Work instructions: Please copy, exactly as they appear below, the lines from the one containing "Vintage Filing Cabinet" through the one containing "Yellow Labrador Retriever".

== Data to process ==

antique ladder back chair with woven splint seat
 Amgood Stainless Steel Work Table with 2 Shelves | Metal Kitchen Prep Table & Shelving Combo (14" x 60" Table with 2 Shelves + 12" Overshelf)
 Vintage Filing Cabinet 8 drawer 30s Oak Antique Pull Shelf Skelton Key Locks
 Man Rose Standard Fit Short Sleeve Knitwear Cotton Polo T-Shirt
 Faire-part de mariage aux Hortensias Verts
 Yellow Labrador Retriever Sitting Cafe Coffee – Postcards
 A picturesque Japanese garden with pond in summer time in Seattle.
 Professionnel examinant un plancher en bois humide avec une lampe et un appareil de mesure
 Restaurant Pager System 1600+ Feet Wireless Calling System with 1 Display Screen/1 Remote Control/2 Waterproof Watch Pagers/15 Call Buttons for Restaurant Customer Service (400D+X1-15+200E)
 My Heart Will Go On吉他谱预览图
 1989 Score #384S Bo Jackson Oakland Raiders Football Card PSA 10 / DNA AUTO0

===

Output of the exercise:
 Vintage Filing Cabinet 8 drawer 30s Oak Antique Pull Shelf Skelton Key Locks
 Man Rose Standard Fit Short Sleeve Knitwear Cotton Polo T-Shirt
 Faire-part de mariage aux Hortensias Verts
 Yellow Labrador Retriever Sitting Cafe Coffee – Postcards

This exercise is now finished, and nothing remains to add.